En tête, la classe des Ultims, où l'actualité a été riche hier. Armel Le Cléac'h, qui a perdu sa dérive principale hier avec son Monster Tri "Banque Populaire", a raconté comment cela s'est passé. "J'ai entendu un grand bruit, puis j'ai vu des débris du sabre dériver à l'arrière du bateau dans l'eau de la poupe. Ils ont heurté la coque et l'ont endommagée à plusieurs endroits".
Mais le Breton a réussi à regagner dès hier la base de l'équipe à Lorient, où l'on travaille fébrilement sur le bateau : L'équipe a une dérive de rechange qui pourrait être utilisée si le puits de dérive n'est pas trop endommagé. "Nous aurions pu continuer sans dérive, si cela s'était produit après les Açores, nous l'aurions sérieusement envisagé", a raconté son team manager Ronan Lucas. La dérive est toutefois importante pour réguler l'horizontalité du bateau sur les foils, sans elle, les performances du bateau seraient déjà fortement compromises. La dérive serait également beaucoup plus importante sans le foil, surtout avec le cap au vent arrière que les bateaux suivent actuellement. Banque Populaire" peut reprendre la course jusqu'à samedi matin, après quoi la fenêtre de temps accordée par le règlement expirera.
En revanche, le leader Charles Caudrelier sur son "Edmond de Rothschild" a reçu des nouvelles rassurantes. Après lecture des données GPS du bateau et des bouées de départ équipées de trackers, le jury a constaté qu'il était à 50 mètres de la ligne de départ au moment du signal de départ. On ne peut pas faire mieux avec un tri de 30 mètres. La pénalité de quatre heures d'arrêt que le jury lui avait infligée hier a donc été annulée. Il devance actuellement de 28 milles le "SVR Lazartigue" de François Gabart, qui a pu gagner quelques milles pendant la nuit. A environ 20 milles derrière, on trouve "Sodebo Ultim" de Thomas Coville qui, après avoir été reconstruit sur des foils entièrement neufs et avec des coques latérales raccourcies de quatre mètres, semble avoir réussi à réduire considérablement le déficit avec le leader de la classe "Edmond de Rothschild".
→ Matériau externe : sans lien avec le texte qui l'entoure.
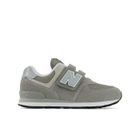 Chaussures - NEW BALANCE - 574 - Gris - Mixte - Lacets - Plat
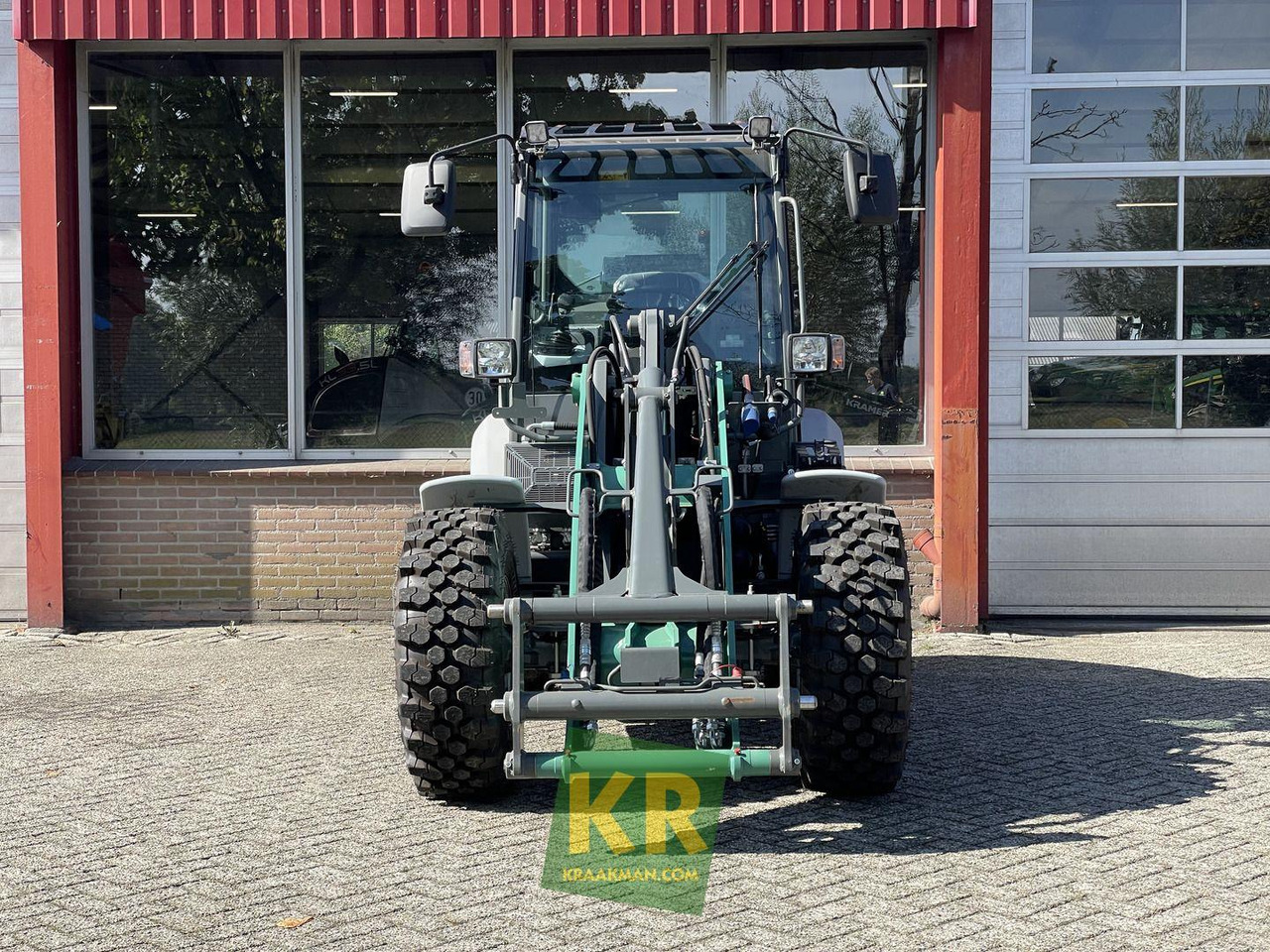 Overig Kramer - Cargadora de ruedas telescópica: foto 2 Overig Kramer - Cargadora de ruedas telescópica: foto 2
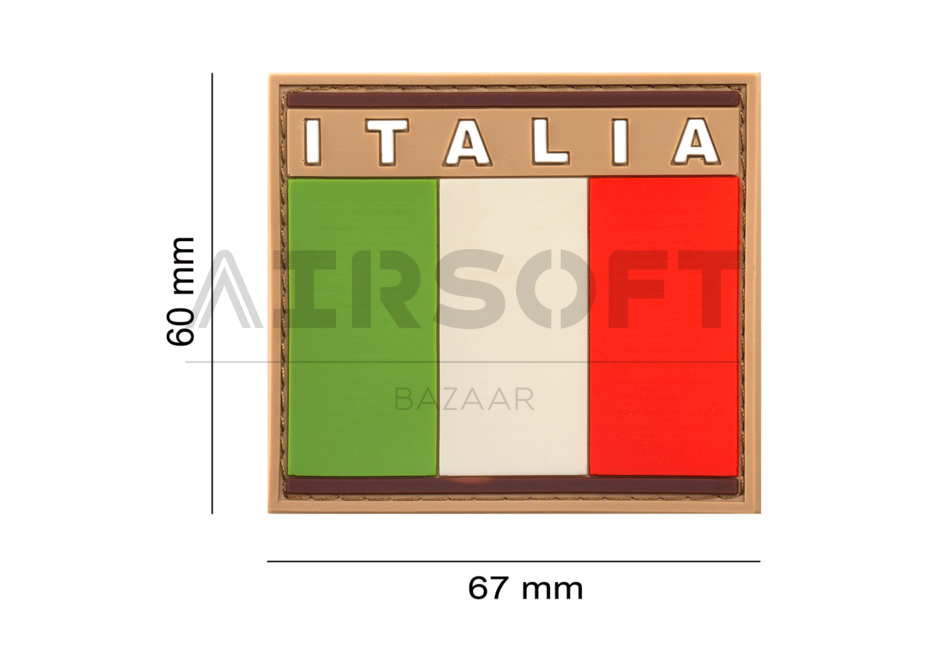 Italia Rubber Patch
La concurrence est incroyablement rude dans la plus grande classe de départ de la course, les Class 40, où douze bateaux sont séparés par dix milles, les trois premiers ne se séparant pas d'un mille, naviguant donc en vue tout au long de la course. Le "Polka Dot" d'Alex Mehran est en tête, suivi du "Queguiner Innoveo" de Corentin Douget. Mais le phénomène de la course est actuellement le favori Yoann Richomme. Après sa pénalité de quatre heures hier pour son départ anticipé, qui l'a relégué à la dernière place, il est déjà remonté à la 14e place, à seulement onze milles du leader. Il navigue donc véritablement le couteau entre les dents dans sa mission de défendre son titre de la dernière course.